FastText - Getting vectors for misspelled / unknown words?

aliakhtar · February 15, 2020, 1:38pm

I’m using the FastText.java class included in DL4J to access FastText functionality:

eclipse/deeplearning4j/blob/master/deeplearning4j/deeplearning4j-nlp-parent/deeplearning4j-nlp/src/main/java/org/deeplearning4j/models/fasttext/FastText.java

/*
 *  ******************************************************************************
 *  *
 *  *
 *  * This program and the accompanying materials are made available under the
 *  * terms of the Apache License, Version 2.0 which is available at
 *  * https://www.apache.org/licenses/LICENSE-2.0.
 *  *
 *  *  See the NOTICE file distributed with this work for additional
 *  *  information regarding copyright ownership.
 *  * Unless required by applicable law or agreed to in writing, software
 *  * distributed under the License is distributed on an "AS IS" BASIS, WITHOUT
 *  * WARRANTIES OR CONDITIONS OF ANY KIND, either express or implied. See the
 *  * License for the specific language governing permissions and limitations
 *  * under the License.
 *  *
 *  * SPDX-License-Identifier: Apache-2.0
 *  *****************************************************************************
 */

This file has been truncated. show original

One of the main features of FastText is that it can provide vectors even for misspellings / unknown words. E.g according to the FAQs of FastText:

However, if I try to access a vector for an unknown word using fast.getWordVectorMatrix(word) in FastText.java, it just returns a default vector. However, I’d like it to retrieve a vector from the underlying fasttext implementation instead.

Is this possibile?

AlexBlack · February 17, 2020, 12:54am

What type of FastText vectors are you loading?

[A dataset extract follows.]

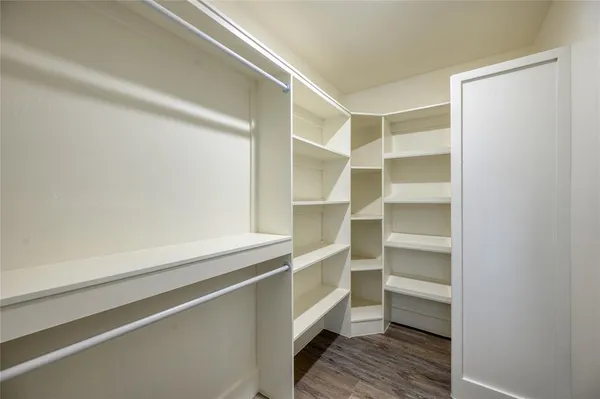 an empty room with a window and a ceiling fan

Keep in mind there are two types of vectors for FastText - text/.vec and binary/.bin.
The text vectors are word-level only - no subword information.
Only the binary vectors have subword information and hence can return (non-default/unknown) vectors for unknown words.

That’s not in any way a limitation of DL4J, that’s a limitation of the FastText text/.vec format.

github.com/eclipse/deeplearning4j

DL4J - FastText - UX, JavaDoc and .vec format support

opened 03:42AM - 06 Jun 19 UTC

closed 11:50AM - 06 Jun 19 UTC

AlexDBlack

UX NLP

Looks like JFastText can only load .bin files, not the text .vec files First th…ing I did when trying to use FastText: 1. Download English .vec files here: https://fasttext.cc/docs/en/english-vectors.html 2. Try to load them using `new FastText(File)` 3. Hit a confusing exception: `Exception in thread "main" java.lang.IllegalArgumentException: Model file's format is not compatible with this JFastText version!` I didn't initially realize FastText had 2 separate formats (binary .bin and text .vec) and that JFastText only loads one of them. This is bad UX, and I'm sure other people will run into exactly the same exception. We need to do 2 things: 1. In the short term, detect if .vec file, and throw a useful exception (basically: "Only supports FastText .bin format binary files") 2. See if it's possible to add loading .vec files in JFastText (or javacpp bindings) and if possible send a PR to add this. Then detect which format and load. While we are at it, we also need to add JavaDoc to the FastText class and methods: https://github.com/deeplearning4j/deeplearning4j/blob/master/deeplearning4j/deeplearning4j-nlp-parent/deeplearning4j-nlp/src/main/java/org/deeplearning4j/models/fasttext/FastText.java

aliakhtar · February 17, 2020, 1:23pm

@AlexBlack, Thanks for that clarification. getWordVectorMatrix() indeed works for unknown words if I just use the binary model!

Is it possible to call the other methods (e.g wordsNearest(), similarity), etc for unknown words on the FastText class? I seem to get an NPE since modelUtils is null if I call wordsNearest. There’s a setModelUtils() method - do I need to provide a modelUtils implementation myself?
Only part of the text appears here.